The chips were scanned with an AffymetrixGeneChip Scanner 3000 and subsequent images analyzed using GCOS 1.4 (Affymetrix). Arrays have been normalized using the robust multiple-array average method (RMA)34. Array data are available at Gene Expression Omnibus (GEO), accession ID GSE39577: http://www.ncbi.nlm.nih.gov/geo/query/acc.cgi?token = trklfkocqeswwxy&acc = GSE39577.

Other published datasets used

Additional datasets created with the HG U133Plus 2.0 chip were obtained from the GEO database.

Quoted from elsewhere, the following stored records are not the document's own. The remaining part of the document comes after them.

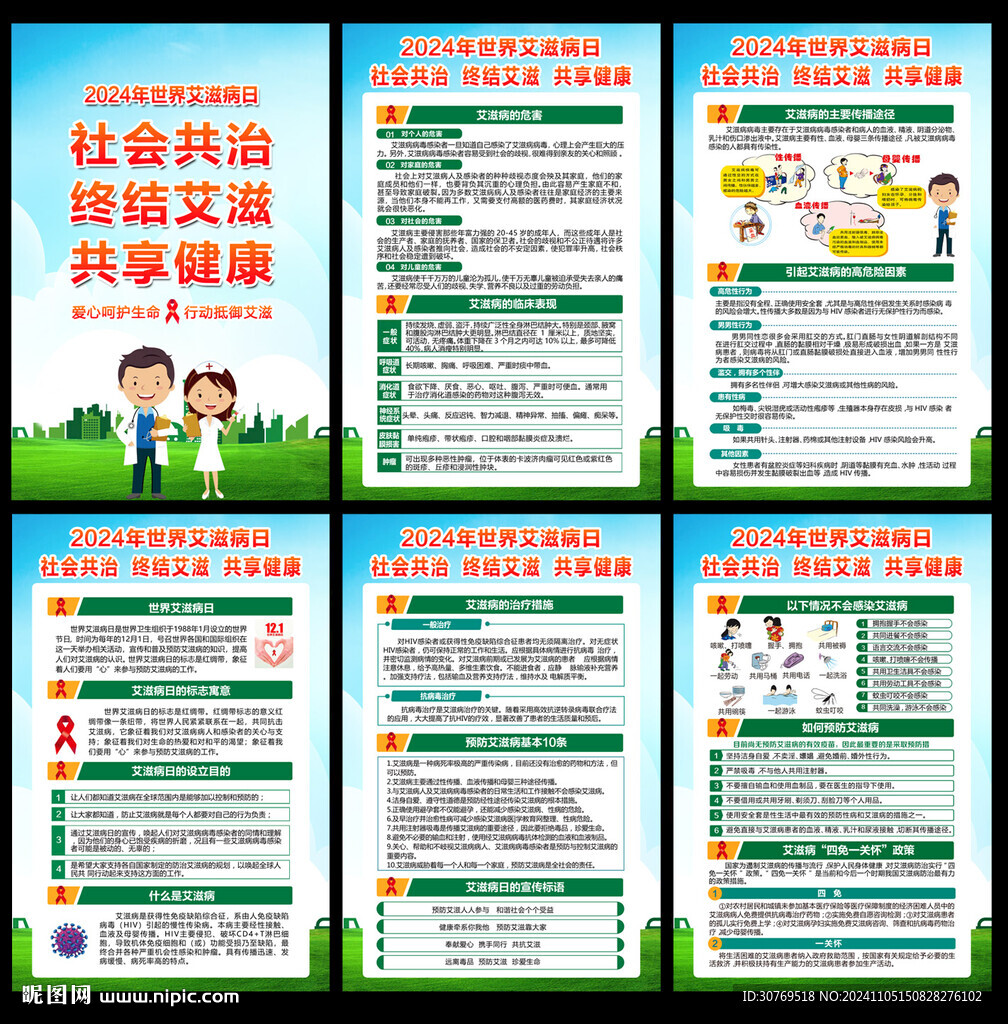 世界艾滋病日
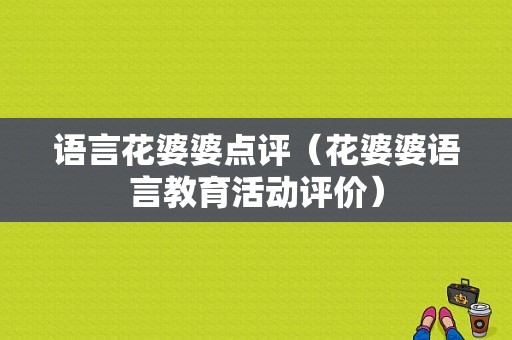 语言花婆婆点评（花婆婆语言教育活动评价）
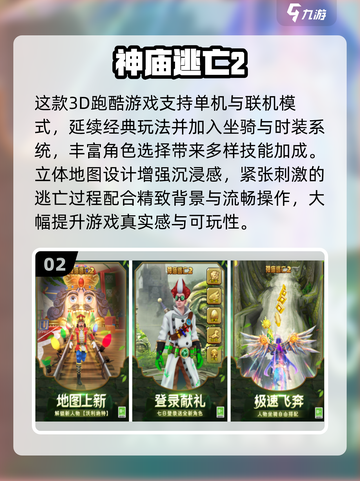 🔥2025最火跑酷游戏盘点！🎮刺激又上瘾💥截图3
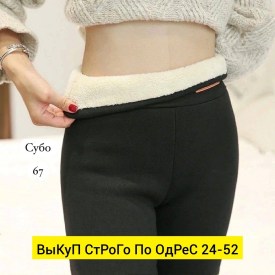 Брюки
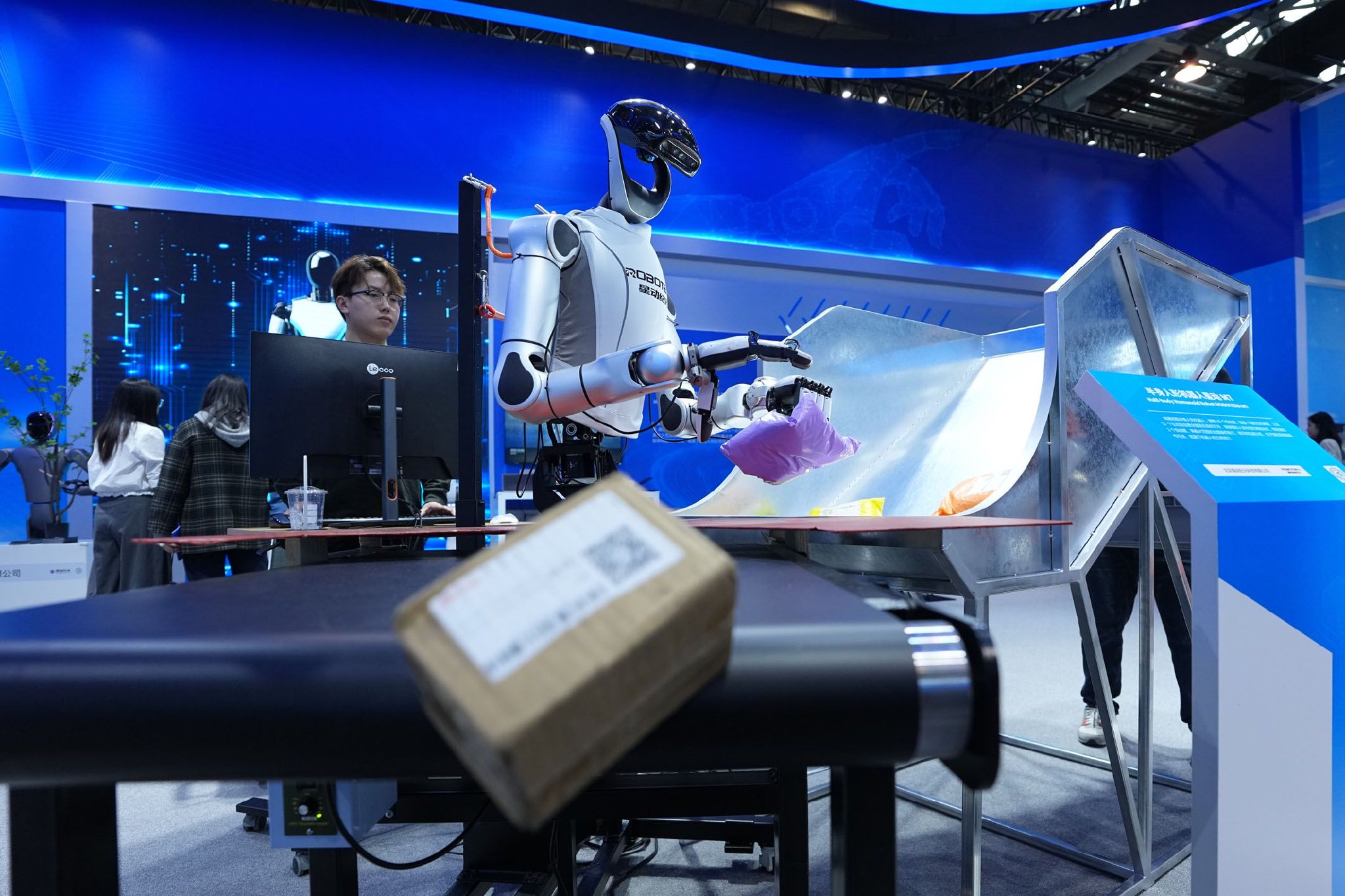 机器人新观察｜从展会成果看机器人供应链生态跃升_乐游天下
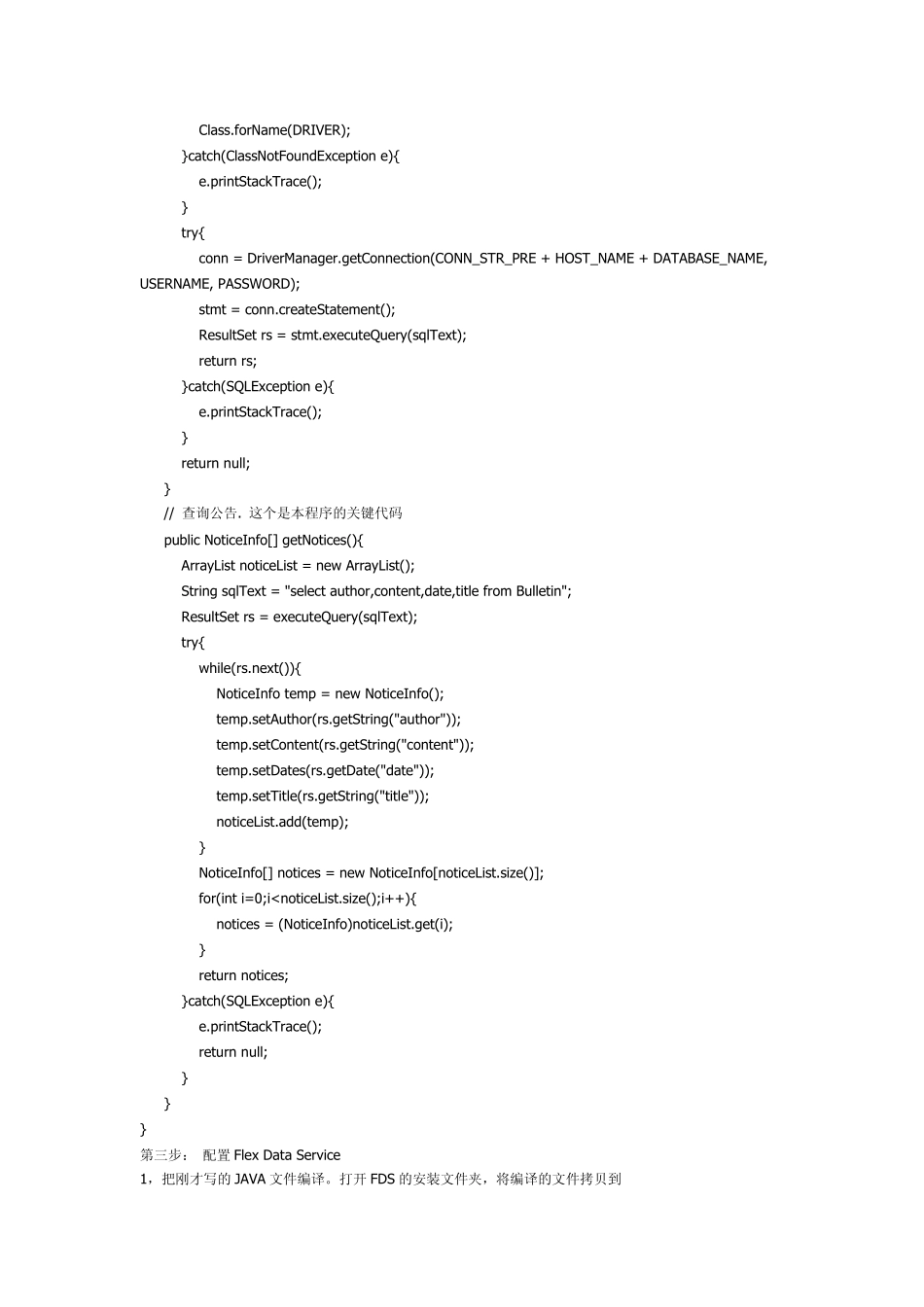 Flex连接数据库三种方法_第3页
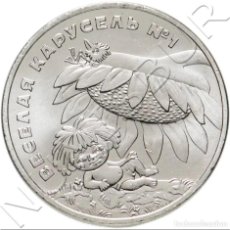 Monedas antiguas de Europa: RUSIA 25 RUBLOS 2022 S/C ANTOSHKA MERRY CAROUSEL NO. 1 - RUSSLAND RUSSIA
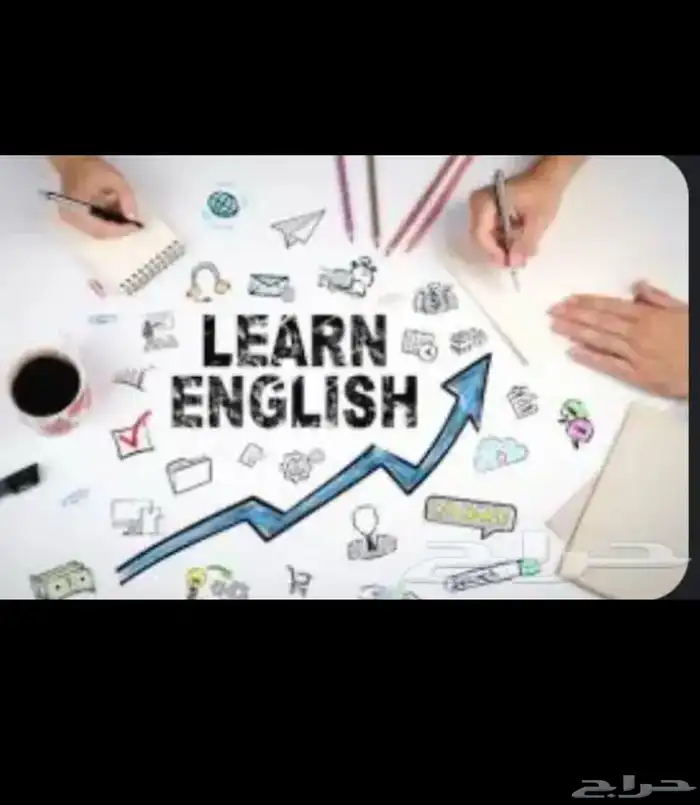 تقوية باللغة الانجليزيه 0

We used gene expression profiles from 119 DLBCL16, 19 (GSE12195), 20 PMBL19, 33 BL19 (http://llmpp.nih.gov/BL), 36 FL16, 35 (GSE16024 and GSE12195), 7 MCL35 (GSE16024), 35 pulmonary MALT lymphomas36 (GSE13314) and 20 purified B-cell populations16 (centroblasts, centrocytes, naïve B-cells and memory B-cells, each five samples, respectively; GSE12195). Information about the DLBCL subtype (ABC, GCB) was obtained from the corresponding affiliation files. For an overview of the used data sets see Supplemental Figure S2.

Cluster analyses

We first performed agglomerative hierarchical cluster analysis on the whole genome data. To compare samples from the different cohorts, a subset of NF-κB target genes16 (represented by approximately 300 probes) was selected (for a complete list see Supplemental Table S1). To estimate the optimal number of clusters a resampling based robust partitioning cluster algorithm (McKmeans) was applied and compared to a random prototype baseline17, 37.

Classification analyses

For further validation of the results we performed a supervised analysis limited to DLBCL and large cell MZBL based on the NF-κB target gene signature (for further details see supplemental methods). Relabeling experiments were conducted in order to investigate whether large cell MZBL can be seen as an independent subtype of DLBCL. All classification experiments were conducted with help of the TunePareto Software38.